Julie Teigland, Paese ha aumentato attrattività

L'Europa è percepita come un "ambiente stabile" e con un mercato ampio e accessibile. E nonostante la pandemia, gli investimenti diretti esteri sono diminuiti solo del 13% nel 2020 e "si prevede che riprenderanno rapidamente". Al tempo stesso "l'Italia si è dimostrata estremamente resiliente ed è riuscita ad aumentare la propria attrattività, con un numero di iniziative di investimento diretto estero cresciuto del 5%". Questo lo scenario che emerge dal colloquio tenuto con l'ANSA da Julie Teigland, area managing partner di EY Europe, Middle East, India and Africa.
Ora, con la spinta propulsiva che ci si attende quest'anno nell'attuazione di "progetti di investimento che sono stati sospesi nel 2020, abbiamo tutte le ragioni per credere che quando questo capitale verrà liberato, l'Europa sperimenterà un rimbalzo" spiega Teigland mettendo in evidenza che in questo contesto "l'Italia ha ora un'opportunità senza precedenti con il Pnrr". L'indagine EY sull'attrattiva mostra, ad esempio, che "il 48% dei manager intervistati si dichiara pronto ad investire in Italia" puntualizza Teigland avvertendo però che il nostro Paese "ha bisogno di avviare riforme incisive e coraggiose e credo davvero che il Paese sia pronto, più che mai, a raccogliere queste sfide e a diventare una delle principali destinazioni europee per gli investimenti diretti esteri". Dall'indagine emerge anche che "un incoraggiante 60% dei manager si dice convinto che l'attrattività del nostro Paese aumenterà nei prossimi tre anni, grazie ai settori più promettenti e dove le aspettative sono più alte - sottolinea Teigland - come l'economia digitale, l'automotive e il settore della mobilità, ,beni di consumo, servizi finanziari e settore energetico".
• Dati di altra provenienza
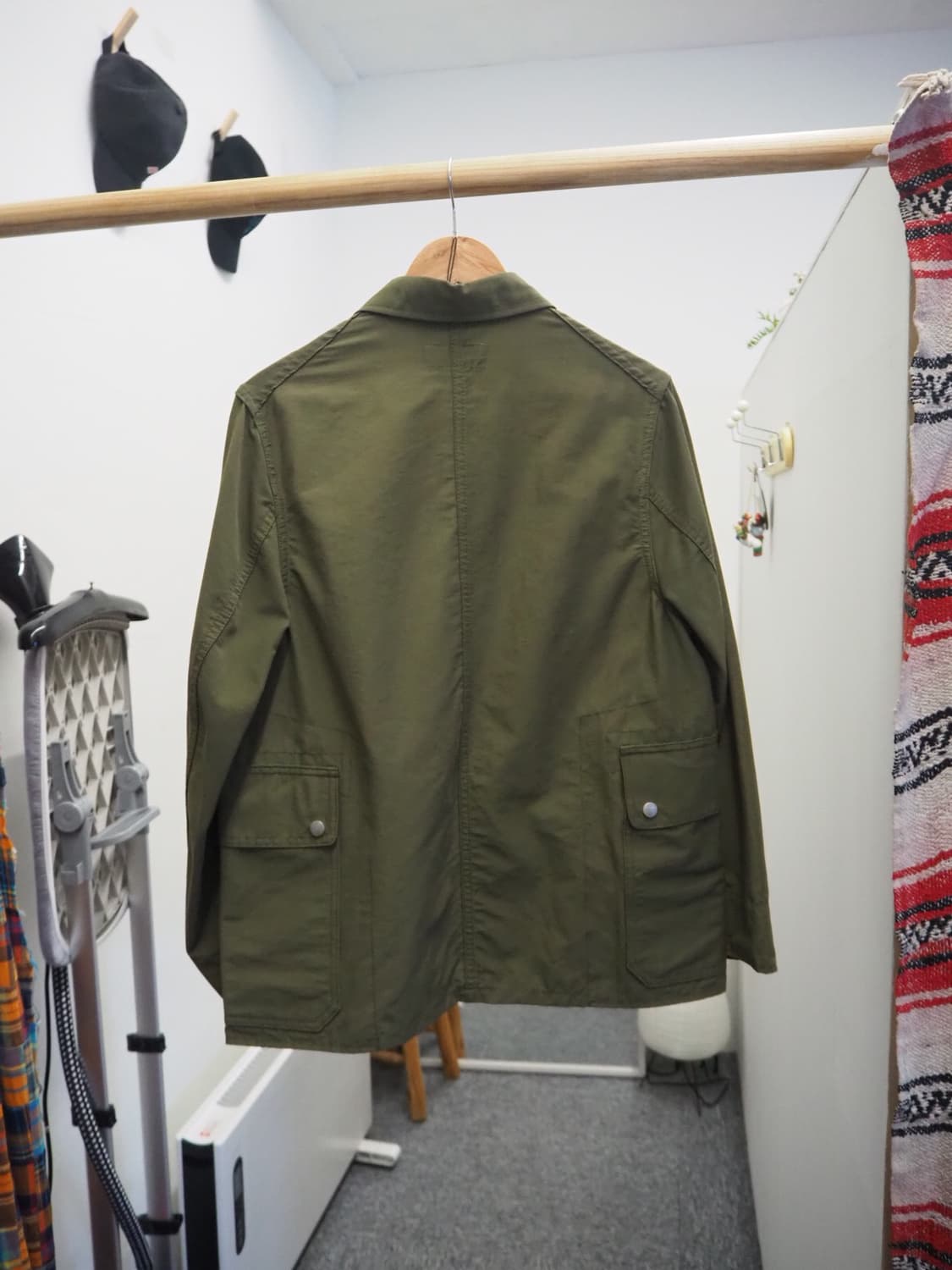 Sassafras poplin jacket 상품이미지3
In linea più generale, un fattore determinante nella definizione della strategia di investimento in Europa è la sostenibilità, considerata "fondamentale" dal 90% delle aziende interpellate da EY. "Ma cerchiamo di essere chiari - avverte Teigland - nessuna singola organizzazione può raggiungere da sola gli ambiziosi obiettivi del Green Deal europeo e la collaborazione sarà fondamentale. In questa nuova era di crescita, i settori pubblico, privato e terzo dovranno unire le forze per innovare, diffondere il know-how e costruire le industrie e i posti di lavoro verdi del futuro". E ancora, per attrarre investitori stranieri in Europa sono "fondamentali l'armonizzazione e la riforma fiscale" mentre "i piani di ripresa dell'Europa devono trovare il giusto equilibrio tra programmi di investimento a lungo termine e stimoli economici a breve termine. A mio avviso - conclude - ci vorrà ancora un approccio multidimensionale tra imprese e governo per sfruttare queste opportunità, per sostenere i piani di ripresa economica regionale e sbloccare il potenziale per il rimbalzo dell'Europa".